Right outside the top ten was Captive State, which fell a whopping 70% this weekend to gross another $918,000 for a meager 10-day domestic total of $5.2 million. Apollo 11 dipped 31% this weekend to add $800,000 to a domestic gross that now stands at $6.8 million. Glass seems to have been attached as a double-feature at enough drive-in showings of fellow Universal/Blumhouse title Us to get a massive weekend-to-weekend boost this frame as it went up 190% from last weekend to add $600,000 to a domestic gross that now stands at $110.8 million. The Mustang expanded into 38 locations and grossed $228,000 for a per-theater average of $6,000 and a domestic gross of $321,989 while The Aftermath expanded into 26 locations and grossed $123,000 for a per-theater average of $4,731 and a domestic gross of $203,254.
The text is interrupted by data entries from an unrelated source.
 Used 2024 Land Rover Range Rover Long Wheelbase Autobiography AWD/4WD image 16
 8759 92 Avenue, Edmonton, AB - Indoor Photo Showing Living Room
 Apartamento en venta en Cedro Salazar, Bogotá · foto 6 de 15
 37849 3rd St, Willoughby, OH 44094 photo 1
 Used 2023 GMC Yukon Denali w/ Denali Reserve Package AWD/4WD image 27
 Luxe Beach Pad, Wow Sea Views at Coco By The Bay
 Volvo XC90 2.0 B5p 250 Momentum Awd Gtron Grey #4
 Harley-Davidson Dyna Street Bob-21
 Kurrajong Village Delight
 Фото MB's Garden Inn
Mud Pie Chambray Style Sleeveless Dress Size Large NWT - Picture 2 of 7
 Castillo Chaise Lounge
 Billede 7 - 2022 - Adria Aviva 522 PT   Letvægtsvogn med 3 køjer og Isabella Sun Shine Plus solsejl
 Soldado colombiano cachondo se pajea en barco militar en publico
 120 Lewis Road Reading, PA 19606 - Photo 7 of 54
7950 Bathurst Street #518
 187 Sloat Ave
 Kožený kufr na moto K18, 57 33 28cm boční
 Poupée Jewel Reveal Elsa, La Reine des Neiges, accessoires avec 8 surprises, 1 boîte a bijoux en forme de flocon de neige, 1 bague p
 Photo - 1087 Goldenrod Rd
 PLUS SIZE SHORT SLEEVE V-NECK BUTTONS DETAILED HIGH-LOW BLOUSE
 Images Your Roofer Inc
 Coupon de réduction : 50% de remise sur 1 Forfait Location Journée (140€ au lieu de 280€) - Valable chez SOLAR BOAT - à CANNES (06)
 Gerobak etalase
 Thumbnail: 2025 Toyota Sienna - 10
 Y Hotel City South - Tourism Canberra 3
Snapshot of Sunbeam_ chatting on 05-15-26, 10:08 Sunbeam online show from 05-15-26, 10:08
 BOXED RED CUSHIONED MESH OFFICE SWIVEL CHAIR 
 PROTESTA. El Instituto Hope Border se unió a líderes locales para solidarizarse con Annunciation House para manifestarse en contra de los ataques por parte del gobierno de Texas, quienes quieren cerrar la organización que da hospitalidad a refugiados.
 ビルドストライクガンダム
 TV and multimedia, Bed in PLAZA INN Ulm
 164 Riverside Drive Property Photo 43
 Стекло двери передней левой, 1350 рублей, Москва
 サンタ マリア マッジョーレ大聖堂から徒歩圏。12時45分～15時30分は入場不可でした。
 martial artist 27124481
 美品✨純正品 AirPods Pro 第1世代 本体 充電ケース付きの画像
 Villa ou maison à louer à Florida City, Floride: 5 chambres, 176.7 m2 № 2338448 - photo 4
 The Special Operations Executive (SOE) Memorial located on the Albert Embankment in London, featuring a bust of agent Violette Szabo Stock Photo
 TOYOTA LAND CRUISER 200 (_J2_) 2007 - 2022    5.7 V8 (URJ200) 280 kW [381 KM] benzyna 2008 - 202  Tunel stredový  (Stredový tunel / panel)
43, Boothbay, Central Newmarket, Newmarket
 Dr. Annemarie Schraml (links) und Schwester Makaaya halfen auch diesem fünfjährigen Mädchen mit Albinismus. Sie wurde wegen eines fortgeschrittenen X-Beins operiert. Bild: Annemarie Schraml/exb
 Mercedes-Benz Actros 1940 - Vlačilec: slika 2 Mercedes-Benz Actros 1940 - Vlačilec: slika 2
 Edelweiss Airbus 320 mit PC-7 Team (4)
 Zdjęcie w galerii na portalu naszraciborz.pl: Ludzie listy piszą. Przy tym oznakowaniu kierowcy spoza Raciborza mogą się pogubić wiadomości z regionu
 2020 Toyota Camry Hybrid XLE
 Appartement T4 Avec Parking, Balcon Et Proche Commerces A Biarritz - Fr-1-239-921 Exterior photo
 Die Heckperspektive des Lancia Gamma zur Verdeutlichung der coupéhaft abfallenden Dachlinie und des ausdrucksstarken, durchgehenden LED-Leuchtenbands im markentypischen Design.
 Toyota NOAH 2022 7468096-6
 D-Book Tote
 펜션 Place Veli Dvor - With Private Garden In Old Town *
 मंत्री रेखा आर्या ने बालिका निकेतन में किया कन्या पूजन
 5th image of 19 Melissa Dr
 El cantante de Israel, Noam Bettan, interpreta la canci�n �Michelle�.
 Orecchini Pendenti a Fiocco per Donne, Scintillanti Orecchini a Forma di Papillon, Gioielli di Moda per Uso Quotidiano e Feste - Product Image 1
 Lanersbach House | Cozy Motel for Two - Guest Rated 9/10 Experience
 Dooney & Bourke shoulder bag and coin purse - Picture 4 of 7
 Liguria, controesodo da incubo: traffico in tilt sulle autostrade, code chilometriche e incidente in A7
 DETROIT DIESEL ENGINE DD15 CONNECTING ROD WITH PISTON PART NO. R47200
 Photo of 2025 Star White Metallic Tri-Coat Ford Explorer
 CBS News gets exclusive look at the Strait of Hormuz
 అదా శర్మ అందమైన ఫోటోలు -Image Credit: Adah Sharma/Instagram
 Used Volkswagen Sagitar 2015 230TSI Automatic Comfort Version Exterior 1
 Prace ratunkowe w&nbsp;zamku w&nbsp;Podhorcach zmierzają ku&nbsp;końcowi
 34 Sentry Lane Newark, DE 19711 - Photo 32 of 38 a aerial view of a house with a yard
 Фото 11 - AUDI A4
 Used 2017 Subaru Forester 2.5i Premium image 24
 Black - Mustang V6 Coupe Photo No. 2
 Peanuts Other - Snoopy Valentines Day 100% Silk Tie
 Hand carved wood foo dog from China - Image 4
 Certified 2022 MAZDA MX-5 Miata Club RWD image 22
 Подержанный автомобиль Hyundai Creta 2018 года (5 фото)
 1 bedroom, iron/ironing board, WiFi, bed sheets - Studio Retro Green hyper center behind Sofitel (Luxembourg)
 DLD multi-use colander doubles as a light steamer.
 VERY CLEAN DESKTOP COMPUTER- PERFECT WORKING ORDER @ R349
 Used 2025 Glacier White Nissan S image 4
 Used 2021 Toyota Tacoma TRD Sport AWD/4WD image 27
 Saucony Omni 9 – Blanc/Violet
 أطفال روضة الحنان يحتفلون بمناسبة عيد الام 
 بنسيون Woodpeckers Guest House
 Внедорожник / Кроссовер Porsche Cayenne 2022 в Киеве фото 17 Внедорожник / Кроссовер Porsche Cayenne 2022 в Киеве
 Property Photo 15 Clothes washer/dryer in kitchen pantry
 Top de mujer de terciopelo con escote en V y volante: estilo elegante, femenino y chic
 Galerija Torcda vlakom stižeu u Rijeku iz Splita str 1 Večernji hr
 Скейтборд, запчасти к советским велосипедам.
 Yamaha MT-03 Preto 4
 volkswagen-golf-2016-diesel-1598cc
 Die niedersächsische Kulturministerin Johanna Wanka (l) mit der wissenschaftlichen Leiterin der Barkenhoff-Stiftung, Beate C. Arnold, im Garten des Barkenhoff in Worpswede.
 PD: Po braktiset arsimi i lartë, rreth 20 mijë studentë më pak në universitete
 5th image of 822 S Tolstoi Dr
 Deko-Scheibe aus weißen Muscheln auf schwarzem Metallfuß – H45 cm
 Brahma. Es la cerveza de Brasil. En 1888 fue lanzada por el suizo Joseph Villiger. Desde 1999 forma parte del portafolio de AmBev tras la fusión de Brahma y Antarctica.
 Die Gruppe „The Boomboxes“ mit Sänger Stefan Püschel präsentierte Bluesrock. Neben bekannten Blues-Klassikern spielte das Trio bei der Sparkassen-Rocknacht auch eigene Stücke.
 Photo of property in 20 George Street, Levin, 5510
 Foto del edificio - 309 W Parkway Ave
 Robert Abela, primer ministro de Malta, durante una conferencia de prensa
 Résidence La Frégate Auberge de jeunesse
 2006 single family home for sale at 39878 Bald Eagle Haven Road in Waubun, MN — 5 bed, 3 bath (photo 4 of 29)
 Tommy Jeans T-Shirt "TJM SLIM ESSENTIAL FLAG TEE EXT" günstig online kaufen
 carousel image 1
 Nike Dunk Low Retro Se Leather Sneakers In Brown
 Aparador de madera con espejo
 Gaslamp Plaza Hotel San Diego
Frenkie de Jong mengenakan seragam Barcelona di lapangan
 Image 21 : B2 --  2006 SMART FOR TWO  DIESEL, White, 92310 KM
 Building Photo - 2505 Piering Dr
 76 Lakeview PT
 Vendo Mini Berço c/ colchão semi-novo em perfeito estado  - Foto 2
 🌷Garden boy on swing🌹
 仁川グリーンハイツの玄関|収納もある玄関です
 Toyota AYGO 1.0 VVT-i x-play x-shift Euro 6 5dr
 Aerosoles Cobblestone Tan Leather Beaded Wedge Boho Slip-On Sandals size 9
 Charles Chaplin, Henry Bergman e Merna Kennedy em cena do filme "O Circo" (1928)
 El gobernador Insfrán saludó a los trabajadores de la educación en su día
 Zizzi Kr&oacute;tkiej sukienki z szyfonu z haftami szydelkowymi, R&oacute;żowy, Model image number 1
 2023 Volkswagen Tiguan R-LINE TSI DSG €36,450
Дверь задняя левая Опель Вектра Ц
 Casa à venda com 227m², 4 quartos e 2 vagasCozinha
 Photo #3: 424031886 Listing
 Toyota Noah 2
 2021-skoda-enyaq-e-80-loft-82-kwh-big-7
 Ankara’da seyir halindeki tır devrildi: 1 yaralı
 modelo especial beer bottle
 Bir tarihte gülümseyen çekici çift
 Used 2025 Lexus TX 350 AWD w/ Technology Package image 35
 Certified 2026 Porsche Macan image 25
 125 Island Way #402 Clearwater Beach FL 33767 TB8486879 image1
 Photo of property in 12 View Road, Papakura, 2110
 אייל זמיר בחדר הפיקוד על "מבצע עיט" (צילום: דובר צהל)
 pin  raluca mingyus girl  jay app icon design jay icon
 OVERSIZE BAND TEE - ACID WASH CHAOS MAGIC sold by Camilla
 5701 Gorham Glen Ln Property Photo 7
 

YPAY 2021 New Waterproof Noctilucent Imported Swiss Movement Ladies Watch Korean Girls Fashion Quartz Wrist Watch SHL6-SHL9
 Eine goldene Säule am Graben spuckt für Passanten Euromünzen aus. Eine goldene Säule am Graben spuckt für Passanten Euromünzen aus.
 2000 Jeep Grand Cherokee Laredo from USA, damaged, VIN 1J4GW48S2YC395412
Hotel Mumbai opened its doors and grossed $86,000 from 4 locations for a per-theater average of $21,500, a weaker start than past Springtime Bleecker Street limited release fare like Eye in the Sky and The Lost City of Z. The Hummingbird Project had a weak expansion into more locations this weekend as it grossed $78,834 from 41 theaters for a second-weekend per-theater average of only $1,923, giving it a domestic gross of only $123,949. Climax fell 74% from its major theatrical expansion last weekend for a fourth-weekend haul of $49,200 and a domestic gross of $735,789. Out of Blue debuted in 35 locations this weekend and grossed only $17,682 for a per-theater average of $505 while fellow new release Sunset grossed $15,006 at 3 locations for a per-theater average of $5,002.
The top 12 movies this weekend grossed a total of $141.4 million, the third-biggest weekend in this timeframe ever and up 23% from this same weekend last year when Pacific Rim: Uprising topped the box office. March 2019 has so far grossed about $765 million and while it looks like this month as a whole will likely miss $1 billion, it does look like March 2019 will be able to surpass the $948.7 million haul of March 2016 to become the second-biggest March in history.